> **ACTIVITY**
In the entries below, filter for the word "football" and copy every matching line.
* * * *
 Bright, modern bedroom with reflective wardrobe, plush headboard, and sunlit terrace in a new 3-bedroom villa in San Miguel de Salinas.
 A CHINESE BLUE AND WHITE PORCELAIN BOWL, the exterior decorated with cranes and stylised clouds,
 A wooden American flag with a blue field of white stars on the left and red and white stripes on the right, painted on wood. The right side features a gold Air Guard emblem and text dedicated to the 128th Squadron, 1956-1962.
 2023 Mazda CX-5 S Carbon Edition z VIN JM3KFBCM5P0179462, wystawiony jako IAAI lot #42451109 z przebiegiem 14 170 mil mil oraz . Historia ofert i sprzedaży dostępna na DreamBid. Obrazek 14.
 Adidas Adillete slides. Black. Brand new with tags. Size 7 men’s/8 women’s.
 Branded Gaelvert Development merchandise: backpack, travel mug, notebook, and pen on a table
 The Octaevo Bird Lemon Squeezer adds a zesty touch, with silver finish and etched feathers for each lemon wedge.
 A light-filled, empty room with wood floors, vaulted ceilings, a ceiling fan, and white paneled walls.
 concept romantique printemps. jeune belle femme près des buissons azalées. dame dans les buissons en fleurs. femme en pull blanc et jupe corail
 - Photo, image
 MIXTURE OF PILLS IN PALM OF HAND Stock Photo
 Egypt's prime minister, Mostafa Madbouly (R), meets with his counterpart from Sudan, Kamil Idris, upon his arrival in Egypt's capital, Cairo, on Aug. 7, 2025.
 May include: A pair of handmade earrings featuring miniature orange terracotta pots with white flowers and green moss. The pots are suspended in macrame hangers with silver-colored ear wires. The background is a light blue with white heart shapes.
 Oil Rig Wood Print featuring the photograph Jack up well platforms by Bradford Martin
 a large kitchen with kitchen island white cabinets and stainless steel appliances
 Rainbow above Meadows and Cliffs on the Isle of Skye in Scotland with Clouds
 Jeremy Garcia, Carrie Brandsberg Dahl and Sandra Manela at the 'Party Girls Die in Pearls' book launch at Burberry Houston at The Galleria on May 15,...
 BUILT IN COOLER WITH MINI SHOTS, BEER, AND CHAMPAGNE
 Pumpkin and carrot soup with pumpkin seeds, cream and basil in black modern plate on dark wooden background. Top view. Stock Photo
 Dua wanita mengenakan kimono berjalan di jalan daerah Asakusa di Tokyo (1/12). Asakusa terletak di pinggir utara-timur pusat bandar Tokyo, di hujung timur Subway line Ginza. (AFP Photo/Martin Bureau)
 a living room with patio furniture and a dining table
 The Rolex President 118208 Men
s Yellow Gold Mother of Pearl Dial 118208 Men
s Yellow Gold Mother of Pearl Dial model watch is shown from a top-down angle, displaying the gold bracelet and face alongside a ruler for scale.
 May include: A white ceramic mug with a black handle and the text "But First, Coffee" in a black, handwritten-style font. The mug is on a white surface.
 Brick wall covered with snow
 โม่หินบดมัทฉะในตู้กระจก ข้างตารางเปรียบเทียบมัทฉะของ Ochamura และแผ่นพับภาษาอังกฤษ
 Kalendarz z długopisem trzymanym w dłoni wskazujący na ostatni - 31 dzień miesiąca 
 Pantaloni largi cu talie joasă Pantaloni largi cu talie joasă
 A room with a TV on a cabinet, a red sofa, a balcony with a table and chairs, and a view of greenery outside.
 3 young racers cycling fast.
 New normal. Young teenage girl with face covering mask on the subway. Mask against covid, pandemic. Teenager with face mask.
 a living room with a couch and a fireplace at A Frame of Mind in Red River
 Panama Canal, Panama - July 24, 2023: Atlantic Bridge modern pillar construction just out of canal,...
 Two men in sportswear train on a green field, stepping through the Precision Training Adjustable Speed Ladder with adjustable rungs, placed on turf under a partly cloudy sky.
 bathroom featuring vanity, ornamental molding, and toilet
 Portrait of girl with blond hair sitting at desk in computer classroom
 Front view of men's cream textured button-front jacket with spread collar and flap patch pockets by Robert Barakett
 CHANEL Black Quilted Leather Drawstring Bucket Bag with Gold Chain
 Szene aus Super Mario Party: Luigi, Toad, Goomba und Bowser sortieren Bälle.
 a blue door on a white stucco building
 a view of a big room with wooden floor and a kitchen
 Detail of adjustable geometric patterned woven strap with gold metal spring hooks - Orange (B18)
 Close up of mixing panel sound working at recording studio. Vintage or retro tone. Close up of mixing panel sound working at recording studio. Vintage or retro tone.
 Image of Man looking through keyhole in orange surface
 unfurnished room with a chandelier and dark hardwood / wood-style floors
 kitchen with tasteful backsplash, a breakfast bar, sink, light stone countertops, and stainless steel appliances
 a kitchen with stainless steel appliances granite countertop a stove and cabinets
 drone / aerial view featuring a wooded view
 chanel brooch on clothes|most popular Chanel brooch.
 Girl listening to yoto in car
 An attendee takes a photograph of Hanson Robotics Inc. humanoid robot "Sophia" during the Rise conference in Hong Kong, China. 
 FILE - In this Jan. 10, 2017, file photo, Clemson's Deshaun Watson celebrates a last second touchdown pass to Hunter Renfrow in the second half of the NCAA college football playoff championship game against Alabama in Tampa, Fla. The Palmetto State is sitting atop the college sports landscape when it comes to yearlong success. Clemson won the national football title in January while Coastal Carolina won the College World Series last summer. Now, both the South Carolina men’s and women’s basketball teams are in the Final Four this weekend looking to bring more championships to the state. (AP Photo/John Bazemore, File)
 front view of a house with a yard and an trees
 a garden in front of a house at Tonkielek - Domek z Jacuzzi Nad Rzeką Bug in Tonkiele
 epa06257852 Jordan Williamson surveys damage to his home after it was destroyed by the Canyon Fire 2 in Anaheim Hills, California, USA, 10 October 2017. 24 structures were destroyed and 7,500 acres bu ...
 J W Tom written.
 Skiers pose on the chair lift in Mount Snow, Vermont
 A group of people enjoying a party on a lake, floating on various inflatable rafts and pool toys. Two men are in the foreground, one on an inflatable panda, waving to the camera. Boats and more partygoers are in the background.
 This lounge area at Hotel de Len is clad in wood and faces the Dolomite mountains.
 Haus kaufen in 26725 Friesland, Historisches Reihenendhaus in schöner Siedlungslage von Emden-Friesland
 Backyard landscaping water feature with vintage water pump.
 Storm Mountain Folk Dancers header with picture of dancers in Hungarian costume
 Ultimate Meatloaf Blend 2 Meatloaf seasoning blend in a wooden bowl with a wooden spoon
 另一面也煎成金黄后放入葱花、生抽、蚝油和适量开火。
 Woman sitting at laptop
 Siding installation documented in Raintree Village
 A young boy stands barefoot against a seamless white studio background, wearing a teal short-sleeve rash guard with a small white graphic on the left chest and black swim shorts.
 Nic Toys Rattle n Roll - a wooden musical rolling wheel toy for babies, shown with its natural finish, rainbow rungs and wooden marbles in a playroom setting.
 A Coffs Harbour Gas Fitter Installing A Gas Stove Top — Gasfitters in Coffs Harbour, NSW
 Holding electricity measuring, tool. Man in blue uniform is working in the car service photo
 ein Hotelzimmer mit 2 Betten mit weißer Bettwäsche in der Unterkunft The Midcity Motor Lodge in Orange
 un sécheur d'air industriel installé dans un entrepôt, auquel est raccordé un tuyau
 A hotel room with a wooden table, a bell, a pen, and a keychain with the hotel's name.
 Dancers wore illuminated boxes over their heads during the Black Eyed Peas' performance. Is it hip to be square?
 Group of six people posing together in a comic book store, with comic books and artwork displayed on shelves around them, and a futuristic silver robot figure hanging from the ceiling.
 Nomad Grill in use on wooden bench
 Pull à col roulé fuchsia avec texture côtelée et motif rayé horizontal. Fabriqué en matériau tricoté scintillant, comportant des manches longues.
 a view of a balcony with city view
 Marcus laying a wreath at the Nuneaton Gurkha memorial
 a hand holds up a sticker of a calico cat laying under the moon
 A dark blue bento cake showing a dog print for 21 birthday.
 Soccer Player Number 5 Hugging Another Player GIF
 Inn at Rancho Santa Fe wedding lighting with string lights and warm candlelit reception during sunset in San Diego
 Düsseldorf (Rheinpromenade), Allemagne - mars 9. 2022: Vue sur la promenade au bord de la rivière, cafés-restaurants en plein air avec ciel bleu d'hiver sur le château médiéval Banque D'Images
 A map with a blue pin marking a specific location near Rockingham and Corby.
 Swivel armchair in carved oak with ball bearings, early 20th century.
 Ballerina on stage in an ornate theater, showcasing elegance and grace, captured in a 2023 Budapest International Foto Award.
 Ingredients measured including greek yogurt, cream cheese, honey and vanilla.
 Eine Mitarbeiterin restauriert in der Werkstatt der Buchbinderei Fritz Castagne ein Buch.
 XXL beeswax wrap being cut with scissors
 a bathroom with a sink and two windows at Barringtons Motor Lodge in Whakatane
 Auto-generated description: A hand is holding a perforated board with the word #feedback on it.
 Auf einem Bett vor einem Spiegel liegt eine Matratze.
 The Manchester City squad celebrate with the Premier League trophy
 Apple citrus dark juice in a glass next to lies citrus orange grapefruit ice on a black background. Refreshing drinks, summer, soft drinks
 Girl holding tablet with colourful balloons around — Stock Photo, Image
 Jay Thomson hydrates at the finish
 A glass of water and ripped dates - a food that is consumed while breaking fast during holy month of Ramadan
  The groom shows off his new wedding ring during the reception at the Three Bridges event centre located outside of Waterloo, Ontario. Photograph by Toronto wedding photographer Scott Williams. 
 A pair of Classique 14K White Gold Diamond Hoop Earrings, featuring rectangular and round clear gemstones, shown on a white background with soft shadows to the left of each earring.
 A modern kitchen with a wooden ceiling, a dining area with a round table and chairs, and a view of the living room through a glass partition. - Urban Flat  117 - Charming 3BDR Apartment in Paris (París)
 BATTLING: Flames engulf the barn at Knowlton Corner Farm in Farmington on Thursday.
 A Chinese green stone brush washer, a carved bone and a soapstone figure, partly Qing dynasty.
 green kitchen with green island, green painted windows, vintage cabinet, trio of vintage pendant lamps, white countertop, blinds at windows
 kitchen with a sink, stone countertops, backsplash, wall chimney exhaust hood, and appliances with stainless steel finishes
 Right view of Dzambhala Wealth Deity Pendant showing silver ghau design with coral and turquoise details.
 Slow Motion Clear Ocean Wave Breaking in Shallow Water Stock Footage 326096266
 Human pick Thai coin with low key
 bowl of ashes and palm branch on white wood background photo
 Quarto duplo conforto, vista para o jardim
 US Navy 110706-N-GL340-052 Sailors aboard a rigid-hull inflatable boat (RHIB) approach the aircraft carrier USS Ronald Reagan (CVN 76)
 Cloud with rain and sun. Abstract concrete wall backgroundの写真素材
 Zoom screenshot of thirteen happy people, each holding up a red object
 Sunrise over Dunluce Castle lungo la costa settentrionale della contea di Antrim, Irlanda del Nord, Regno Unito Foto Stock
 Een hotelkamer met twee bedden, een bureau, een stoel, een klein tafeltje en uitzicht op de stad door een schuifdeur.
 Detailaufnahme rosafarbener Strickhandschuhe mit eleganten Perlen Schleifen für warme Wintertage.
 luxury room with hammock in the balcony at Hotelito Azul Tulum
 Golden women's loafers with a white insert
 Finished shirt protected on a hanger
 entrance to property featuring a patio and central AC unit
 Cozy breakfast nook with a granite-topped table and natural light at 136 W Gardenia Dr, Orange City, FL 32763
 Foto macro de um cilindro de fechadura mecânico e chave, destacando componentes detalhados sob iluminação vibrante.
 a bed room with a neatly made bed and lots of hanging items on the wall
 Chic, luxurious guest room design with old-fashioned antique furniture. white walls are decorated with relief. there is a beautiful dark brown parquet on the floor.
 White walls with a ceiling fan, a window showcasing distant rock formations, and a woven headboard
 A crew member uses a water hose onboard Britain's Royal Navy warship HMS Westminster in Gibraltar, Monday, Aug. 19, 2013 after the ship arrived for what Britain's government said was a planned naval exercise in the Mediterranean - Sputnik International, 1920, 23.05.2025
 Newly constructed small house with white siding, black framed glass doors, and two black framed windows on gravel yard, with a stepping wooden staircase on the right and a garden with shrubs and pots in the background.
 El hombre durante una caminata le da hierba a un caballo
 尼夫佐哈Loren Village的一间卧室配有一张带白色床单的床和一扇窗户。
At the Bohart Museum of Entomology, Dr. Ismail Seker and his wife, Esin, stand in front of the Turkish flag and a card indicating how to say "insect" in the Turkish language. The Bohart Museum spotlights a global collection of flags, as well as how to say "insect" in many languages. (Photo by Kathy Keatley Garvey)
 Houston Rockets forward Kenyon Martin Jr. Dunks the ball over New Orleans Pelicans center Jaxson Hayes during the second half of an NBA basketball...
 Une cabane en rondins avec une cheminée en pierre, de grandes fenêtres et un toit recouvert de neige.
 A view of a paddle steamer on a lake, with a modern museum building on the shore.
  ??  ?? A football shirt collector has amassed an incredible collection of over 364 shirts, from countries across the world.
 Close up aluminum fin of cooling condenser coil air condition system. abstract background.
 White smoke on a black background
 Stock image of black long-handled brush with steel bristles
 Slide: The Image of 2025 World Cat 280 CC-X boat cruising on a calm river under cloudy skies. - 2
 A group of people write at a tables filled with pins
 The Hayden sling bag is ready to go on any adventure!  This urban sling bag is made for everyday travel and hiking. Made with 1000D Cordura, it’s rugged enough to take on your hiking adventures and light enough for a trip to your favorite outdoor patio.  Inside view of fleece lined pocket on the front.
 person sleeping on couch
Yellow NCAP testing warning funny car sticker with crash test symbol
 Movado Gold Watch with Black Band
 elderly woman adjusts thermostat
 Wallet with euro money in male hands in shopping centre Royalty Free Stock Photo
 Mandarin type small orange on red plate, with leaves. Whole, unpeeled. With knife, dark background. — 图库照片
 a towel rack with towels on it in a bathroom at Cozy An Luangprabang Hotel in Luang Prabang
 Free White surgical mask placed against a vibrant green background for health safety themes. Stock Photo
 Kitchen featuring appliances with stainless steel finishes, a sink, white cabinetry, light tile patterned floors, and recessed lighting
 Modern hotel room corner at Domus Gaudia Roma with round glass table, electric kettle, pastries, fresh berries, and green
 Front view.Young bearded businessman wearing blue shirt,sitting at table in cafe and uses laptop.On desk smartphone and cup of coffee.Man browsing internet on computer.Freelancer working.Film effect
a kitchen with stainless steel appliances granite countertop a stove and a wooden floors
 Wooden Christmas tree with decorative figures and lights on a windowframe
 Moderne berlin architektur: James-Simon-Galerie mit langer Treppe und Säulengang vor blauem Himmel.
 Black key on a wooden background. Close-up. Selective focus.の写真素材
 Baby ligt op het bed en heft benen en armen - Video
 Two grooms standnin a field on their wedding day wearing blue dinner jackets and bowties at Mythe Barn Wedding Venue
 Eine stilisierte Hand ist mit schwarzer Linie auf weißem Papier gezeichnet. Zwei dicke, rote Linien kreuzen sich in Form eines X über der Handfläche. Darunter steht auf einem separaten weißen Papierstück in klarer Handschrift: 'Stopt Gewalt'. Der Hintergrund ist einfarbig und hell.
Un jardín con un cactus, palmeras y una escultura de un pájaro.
* * * *
> **FINISHED EXERCISE**
 FILE - In this Jan. 10, 2017, file photo, Clemson's Deshaun Watson celebrates a last second touchdown pass to Hunter Renfrow in the second half of the NCAA college football playoff championship game against Alabama in Tampa, Fla. The Palmetto State is sitting atop the college sports landscape when it comes to yearlong success. Clemson won the national football title in January while Coastal Carolina won the College World Series last summer. Now, both the South Carolina men’s and women’s basketball teams are in the Final Four this weekend looking to bring more championships to the state. (AP Photo/John Bazemore, File)
  ??  ?? A football shirt collector has amassed an incredible collection of over 364 shirts, from countries across the world.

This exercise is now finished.